▶ [TASK]:
In the material below, pictures must be dropped. Repeat exactly, and only, the lines from the line with "Rumah, pemandangan kebun" to the line with "马世晓 王维《五绝》四首140×34.5cm×4 行草 2002年", both ends included.

▶ [RECORDED INFORMATION]:
□ □ □

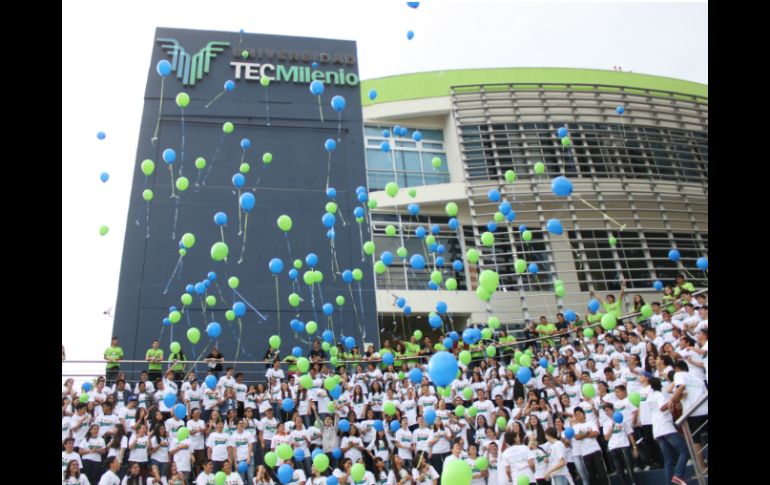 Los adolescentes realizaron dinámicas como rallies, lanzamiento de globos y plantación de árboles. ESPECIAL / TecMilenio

□ □ □

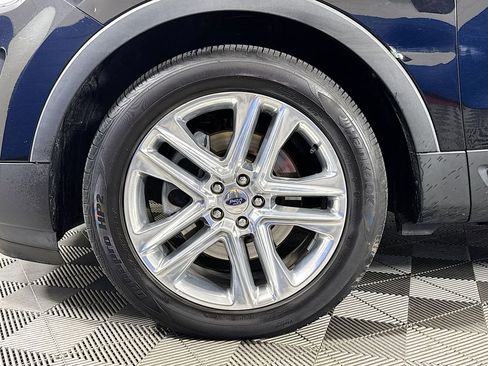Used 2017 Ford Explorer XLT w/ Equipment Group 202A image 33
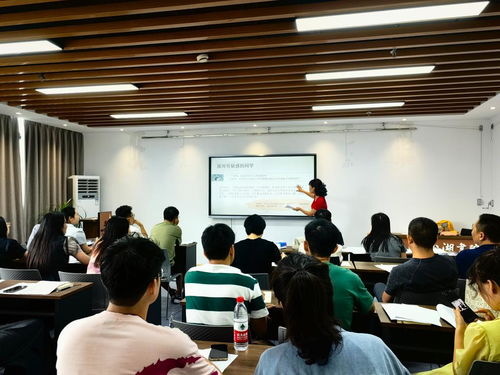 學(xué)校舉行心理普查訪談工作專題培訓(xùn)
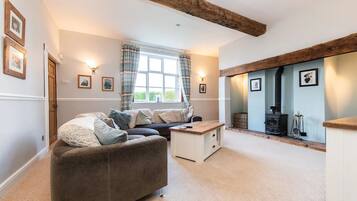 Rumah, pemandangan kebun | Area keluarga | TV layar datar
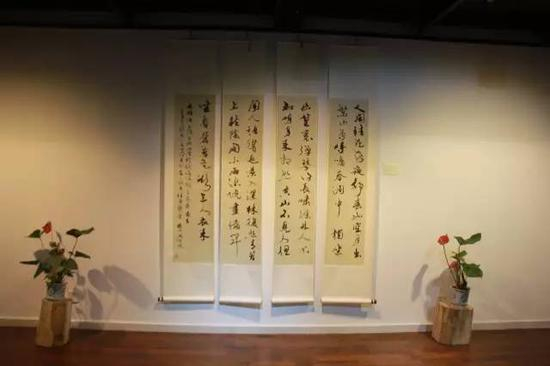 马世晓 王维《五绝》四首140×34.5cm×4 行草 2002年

□ □ □

▶ [SOLVED PROBLEM]:
 Rumah, pemandangan kebun | Area keluarga | TV layar datar
 马世晓 王维《五绝》四首140×34.5cm×4 行草 2002年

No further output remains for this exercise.